Activity
Please write out exactly the line containing "Margeriten auf dem Feld" below and every line after it, through the last one, but leave out any pictures.

Image-caption web data:
--------------------

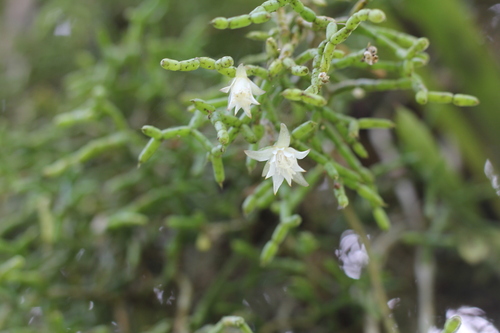 Image of Rhipsalis cereuscula by (c) Romi Galeota Lencina, some rights reserved (CC BY)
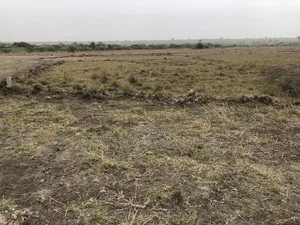 Buy an Estate Land on a Discount Price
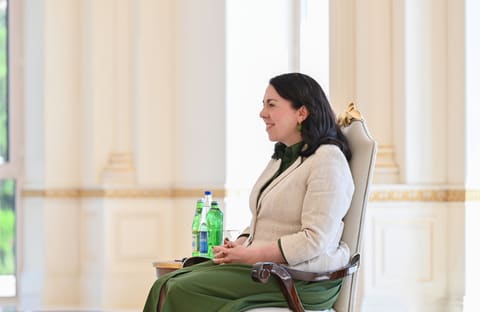  İlham Əliyev İrlandiyanın Azərbaycanda yeni təyin olunmuş səfirinin etimadnaməsini qəbul edib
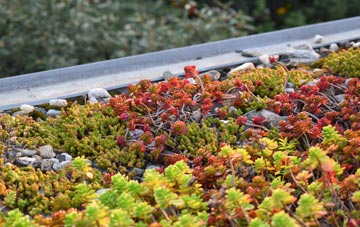 the cost of Otham Hole green roof installation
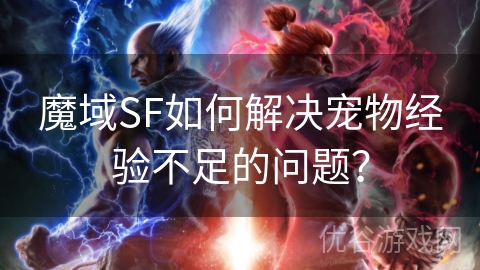 魔域SF如何解决宠物经验不足的问题？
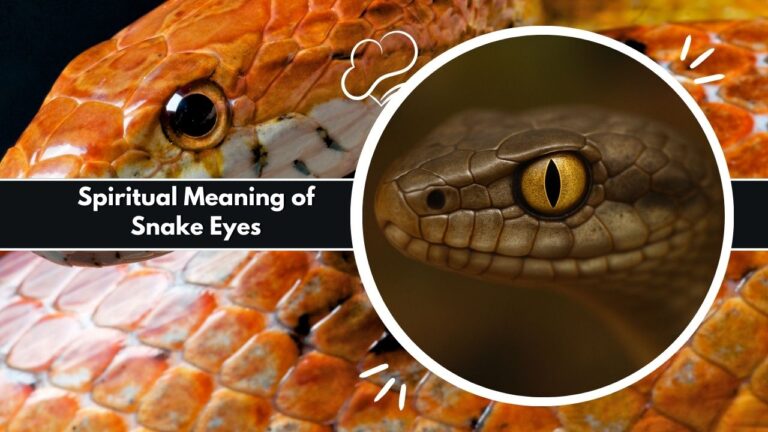 What It Means Spiritually When You See Snake Eyes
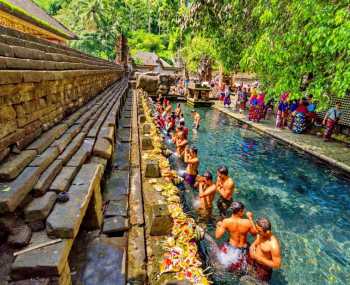 Home sweet home День 14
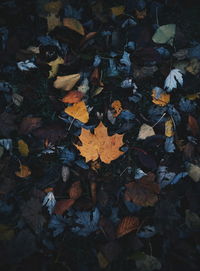 High angle view of maple leaves on road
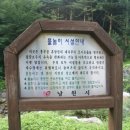 흥부골자연휴양림 이미지
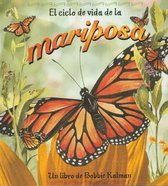 El Ciclo De Vida De La Mariposa / Life Cycle of a Butterfly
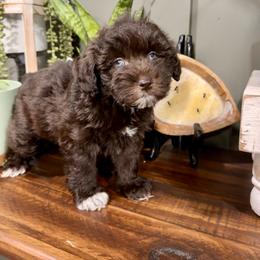 Jolene - Liver female Miniature Schnauzer puppy in Silver Creek, Mississippi from Mamie’s Minis, LLC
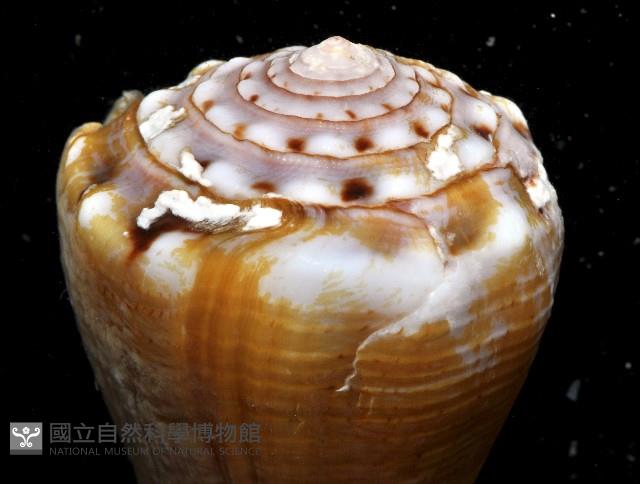 麻點芋螺藏品圖，第3張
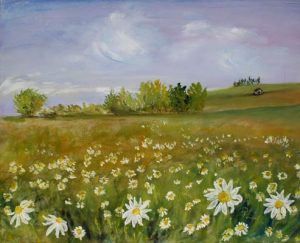 Margeriten auf dem Feld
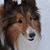 Leanne Holt's profile image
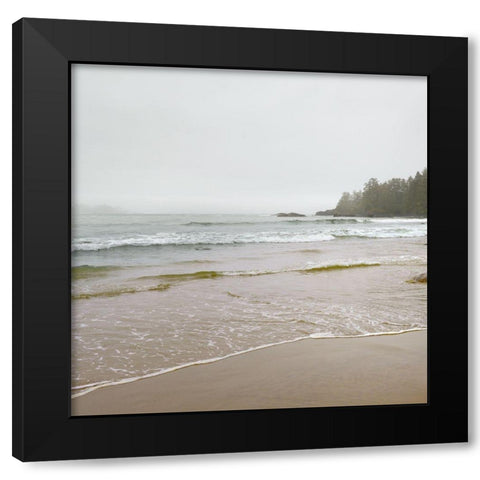 Pacific Rim Black Modern Wood Framed Art Print with Double Matting by Delimont, Danita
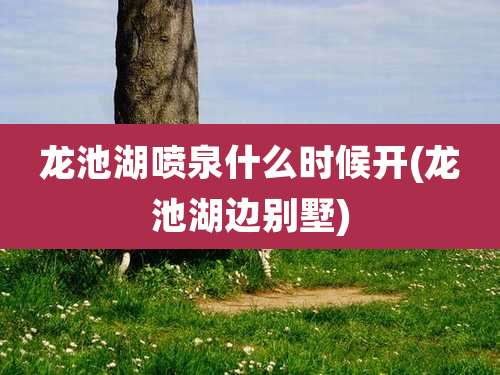 龙池湖喷泉什么时候开(龙池湖边别墅)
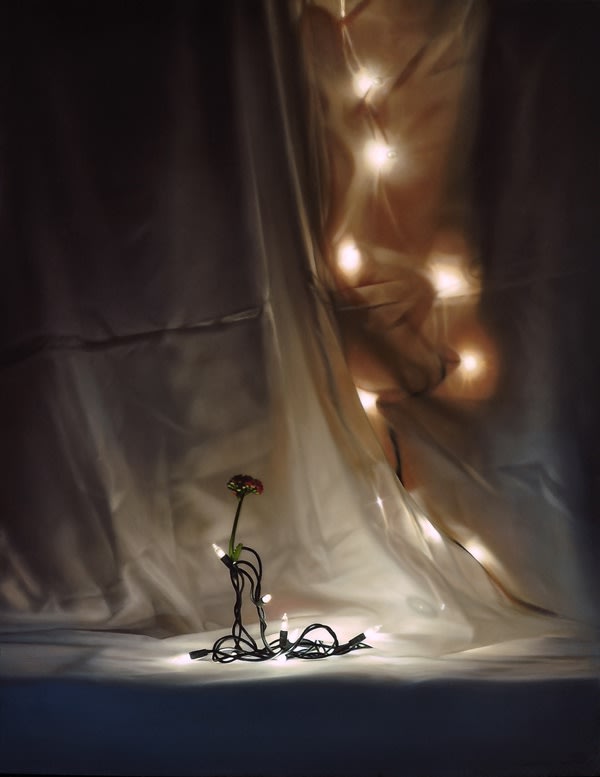 Tom Betts, Climbing Lights & Flower, 2016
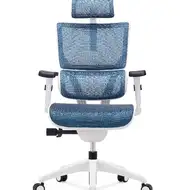 Ортопедическое кресло Expert VISION VIM01-W-Т-04 (каркас белый / сетка голубая)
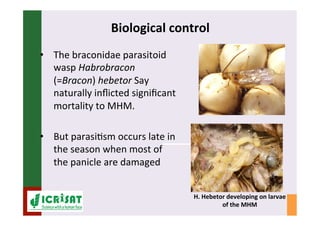IPM for Pearl Millet in the Sahel: Augmentative on-farm releases of parasitoids to control the millet head miner in the Sahel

--------------------

Answer space
 Margeriten auf dem Feld
 Leanne Holt's profile image
 Pacific Rim Black Modern Wood Framed Art Print with Double Matting by Delimont, Danita
 龙池湖喷泉什么时候开(龙池湖边别墅)
 Tom Betts, Climbing Lights & Flower, 2016
 Ортопедическое кресло Expert VISION VIM01-W-Т-04 (каркас белый / сетка голубая)
IPM for Pearl Millet in the Sahel: Augmentative on-farm releases of parasitoids to control the millet head miner in the Sahel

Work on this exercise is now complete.